Hay raíces inquebrantables, aunque el destino se empeñe en trasplantarlas al otro lado del mundo. No son visibles, sino un tejido de costumbres y de esa intimidad que solo reconoce la piel. De pronto, una se sorprende respirando un aire ajeno, acogida en calles donde el murmullo de la gente tiene una cadencia desconocida. La luz, esa que siempre se dio por sentada, parece escasa e insuficiente. Sin duda, es en la incertidumbre y el frío donde la raíz se manifiesta, como un lazo invisible que se estira con cada kilómetro, pero jamás se rompe. Y en el momento justo, cuando la soledad aprieta a deshoras, se recoge y te envuelve en un abrazo cálido e invisible. Es ese salvavidas que inyecta una oleada de nostalgia dulce, recordándote de dónde vienes sin obligarte a regresar.
Inevitablemente, la raíz se resiente a veces. Hay momentos en que el nuevo camino te llama con la seducción de lo inexplorado. Te lanzas a él con la ingenuidad de quien abraza una revelación, creyendo que el sentido de la existencia estaba, al fin, en esta nueva latitud. Pero no hay brújula que pueda separarte de tu única base sólida. La raíz eres tú. Es el cordón umbilical del afecto, un líquido amniótico que disuelve los problemas para convertirlos en el vapor del guiso de tu abuela. Es el único punto cardinal infalible, el refugio que contiene el aire esencial de tu verdadero ser.
No obstante, marcharse significa también la expansión de la propia raíz. El desarraigo no es una pérdida, sino una multiplicación. Es como una semilla que debe romper su cáscara para germinar en un suelo nuevo y al hacerlo, se convierte en un árbol capaz de crecer bajo dos cielos. Vivir fuera de tu tierra natal te da una perspectiva de águila sobre tu propia historia. El mundo se transforma en una ventana de oportunidad y entiendes que cada rincón tiene sus propias pausas e inviernos. Y lo más importante, aprendes a distinguir el simple bienestar del verdadero disfrute porque has tenido que construirlo por ti misma, en una cultura diferente y con el eco de un idioma extranjero.

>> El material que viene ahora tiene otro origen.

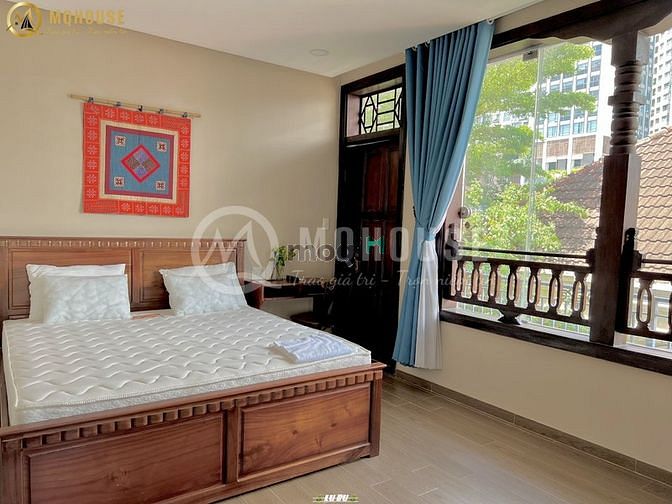 Hình ảnh Studio Vietnamese Traditional Style In Thao Dien_District 2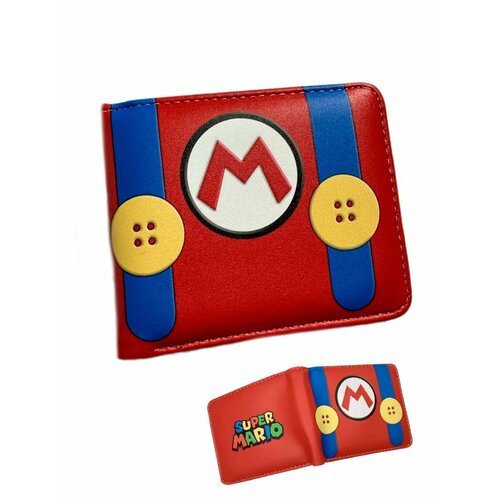 Кошелек GAMEМЕРЧ 1639₽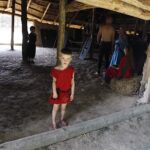 09.08.2020 Nowa Słupia. Dymarki Świętokrzyskie / Jarosław Kubalski / Radio Kielce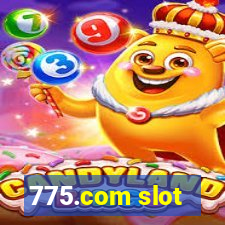 775.com slot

Por todo ello, la raíz te sostiene y te impulsa, para que puedas extender la mirada. Ella se mantiene inamovible, como un faro que fulgura en el horizonte, susurrando que siempre hay un lugar al que regresar. A esa cruz en el mapa se vuelve una y otra vez, sin necesidad de permiso, porque el hogar no es una dirección geográfica, sino la certeza de que ahí, el silencio y el amor se fusionan. Y todo, simplemente, vuelve a tener sentido.